Turns out before normal business hours the anesthesiologists were few and far between. Like you can plan the water breakage between 8 a.m. and 5 p.m.. Sigh. My guy happened to be in an "emergency" so they gave me Stadol. Enter euphoria, relief, and almost dying attempt number one. My guy again was delayed, so I got a second dose. Apparently, I was so relaxed my body decided the effort to breath was not quite worth it, so I stopped. You're welcome, nurses. Also, eye rolls. I was fine, sleeping peacefully (finally) who knew I could have just drifted off into my death?!

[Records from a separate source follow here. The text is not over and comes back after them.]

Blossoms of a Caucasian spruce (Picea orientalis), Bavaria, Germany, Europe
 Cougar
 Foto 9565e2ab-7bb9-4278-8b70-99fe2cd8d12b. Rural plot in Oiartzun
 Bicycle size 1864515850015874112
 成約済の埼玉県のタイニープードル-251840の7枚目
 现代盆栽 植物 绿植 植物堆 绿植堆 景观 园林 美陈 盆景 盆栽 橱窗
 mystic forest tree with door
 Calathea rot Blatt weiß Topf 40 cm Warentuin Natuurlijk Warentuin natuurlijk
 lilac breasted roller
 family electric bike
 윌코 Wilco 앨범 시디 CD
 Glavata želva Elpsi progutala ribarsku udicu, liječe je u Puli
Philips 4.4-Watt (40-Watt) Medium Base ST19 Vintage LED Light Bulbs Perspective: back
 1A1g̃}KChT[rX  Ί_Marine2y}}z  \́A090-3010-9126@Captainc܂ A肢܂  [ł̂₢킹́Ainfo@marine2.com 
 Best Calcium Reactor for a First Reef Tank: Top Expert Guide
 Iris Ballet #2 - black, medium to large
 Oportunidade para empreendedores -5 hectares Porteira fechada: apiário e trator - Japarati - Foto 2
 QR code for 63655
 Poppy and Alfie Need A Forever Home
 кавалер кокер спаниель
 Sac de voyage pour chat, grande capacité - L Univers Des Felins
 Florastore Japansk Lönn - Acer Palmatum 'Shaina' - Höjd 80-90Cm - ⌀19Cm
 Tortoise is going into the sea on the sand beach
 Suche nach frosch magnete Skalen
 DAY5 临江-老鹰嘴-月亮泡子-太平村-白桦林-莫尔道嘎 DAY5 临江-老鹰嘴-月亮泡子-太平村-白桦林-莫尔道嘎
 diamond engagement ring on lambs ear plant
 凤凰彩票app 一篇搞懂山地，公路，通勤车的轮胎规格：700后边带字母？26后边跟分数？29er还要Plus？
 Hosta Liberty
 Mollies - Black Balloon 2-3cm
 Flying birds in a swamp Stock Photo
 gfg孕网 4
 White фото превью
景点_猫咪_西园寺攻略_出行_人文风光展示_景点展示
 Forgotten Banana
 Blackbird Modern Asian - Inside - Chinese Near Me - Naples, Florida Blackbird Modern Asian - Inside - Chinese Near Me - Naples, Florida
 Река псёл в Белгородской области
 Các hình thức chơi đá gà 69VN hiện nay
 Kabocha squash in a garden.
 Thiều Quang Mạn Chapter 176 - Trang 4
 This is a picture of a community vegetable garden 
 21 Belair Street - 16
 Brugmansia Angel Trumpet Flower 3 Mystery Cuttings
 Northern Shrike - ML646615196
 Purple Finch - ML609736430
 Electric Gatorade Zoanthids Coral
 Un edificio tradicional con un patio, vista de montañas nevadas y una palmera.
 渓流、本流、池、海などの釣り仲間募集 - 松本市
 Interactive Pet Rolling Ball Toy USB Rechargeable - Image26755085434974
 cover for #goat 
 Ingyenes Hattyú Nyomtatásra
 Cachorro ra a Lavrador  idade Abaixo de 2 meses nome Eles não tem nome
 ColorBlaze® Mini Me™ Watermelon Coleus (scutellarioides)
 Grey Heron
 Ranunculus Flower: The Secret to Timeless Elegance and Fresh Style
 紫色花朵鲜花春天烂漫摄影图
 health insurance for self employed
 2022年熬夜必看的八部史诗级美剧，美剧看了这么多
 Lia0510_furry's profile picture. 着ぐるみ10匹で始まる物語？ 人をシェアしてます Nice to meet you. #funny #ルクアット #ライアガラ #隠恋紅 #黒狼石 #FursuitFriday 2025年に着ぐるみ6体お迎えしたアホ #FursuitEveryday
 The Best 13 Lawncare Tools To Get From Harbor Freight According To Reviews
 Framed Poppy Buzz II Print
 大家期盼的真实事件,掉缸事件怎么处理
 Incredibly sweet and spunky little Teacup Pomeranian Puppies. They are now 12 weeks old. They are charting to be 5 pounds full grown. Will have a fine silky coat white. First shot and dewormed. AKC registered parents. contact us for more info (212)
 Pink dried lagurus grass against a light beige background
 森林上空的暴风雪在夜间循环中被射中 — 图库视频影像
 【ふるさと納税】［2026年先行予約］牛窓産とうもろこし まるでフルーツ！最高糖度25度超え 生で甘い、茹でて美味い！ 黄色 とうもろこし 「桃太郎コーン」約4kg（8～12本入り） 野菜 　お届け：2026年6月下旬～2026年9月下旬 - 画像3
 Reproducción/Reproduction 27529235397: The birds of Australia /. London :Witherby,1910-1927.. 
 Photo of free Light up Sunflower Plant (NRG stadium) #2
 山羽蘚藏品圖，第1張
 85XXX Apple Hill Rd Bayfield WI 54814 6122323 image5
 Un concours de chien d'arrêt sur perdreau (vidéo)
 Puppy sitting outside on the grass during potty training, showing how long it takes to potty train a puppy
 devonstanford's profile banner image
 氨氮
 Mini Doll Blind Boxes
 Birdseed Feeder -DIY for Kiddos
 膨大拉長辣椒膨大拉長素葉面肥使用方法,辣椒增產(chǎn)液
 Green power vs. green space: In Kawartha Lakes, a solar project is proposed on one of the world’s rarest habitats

So Dr. Man of the Hour with the epidural finally arrives, and as he is inserting the 5-mile long needle into my back I tell him exactly how much I love him, in typical Tracy style. Everyone laughs, I roll over having a little comfort from the level 24 out of 10 pain, also with help because you basically cannot move, and here comes dying attempt number two. Like really - so dramatic, I am just trying to sleep here! Apparently, this time I decided to stop breathing again, coupled with my not-known-at-the-time super low blood pressure, the muscle relaxers and laying on my sciatic nerve dipped me down into comatose levels setting off all kinds of alarms and panic.
Ugh!
So here we are like noun hours into this gig and all my slowing, easing of pain, attempting to die, slows my progression to a halt. Cool deal, there is also a drug for that! Back on track. The next few hours are legit the worst pain of my life. They say "oh, in time you forget" um no, actually, I will never forget my body basically ripping in half. Yes, like 700 stitches later in half. (Don't worry non-moms, it goes back, better than ever... stitches equals awful pain but also back to normal V thang! Sorry not sorry for TMI, I warned you!)
So pain agony, pushing, telling the doctor that if he puts a sharp object near me I will cut him out myself, begging, pleading, cursing, basically the horror story... out comes, finally, my beautiful nine and a half pound 23 inch long baby boy at 5:37 p.m.. Into the arms of his mama nine days into her twenty-second year of life. I was a baby having a baby.
Rock. My. World.
It is a moment you never forget, this sweet babe, just pure and perfect and also the size of a toddler, and the most miraculous thing that I have ever done set in my arms, saving me, changing my life forever.
There is not enough words or big enough words in the English language to capture the feeling, but I will show you.
It was like we just got each other, and the love was so big that everything else fell away. It was him and me.
Fast forward to this night, seventeen years later, please ignore my loud sobs, my sweet giant baby young man is still the very best thing I have ever done. He is humble, kind, smart, funny, handsome and genuine. He has a mind that allows him to progress through spans of time ahead of himself. He is nurturing in ways that defy his father leaving him.
He is everything I wish I could be better at in life. Patient, courageous, philanthropic, purposeful, witty, I mean I could go on for days. He just has a heart of gold.
I am biased sure, but to circle back around to the ultimate compliment, I am raising a son that is a standard other moms want their boys to be like. Swoon.
He is amazing.
He will also want to kill me if I post a ton of cheesy pics of him, so I will leave you with one more. The heart of my life, my greatest love story.
Happy Birthday my sweetest Joseph. You make me proud beyond measure and I am eternally grateful to have been chosen to be your mama. I love you buggy!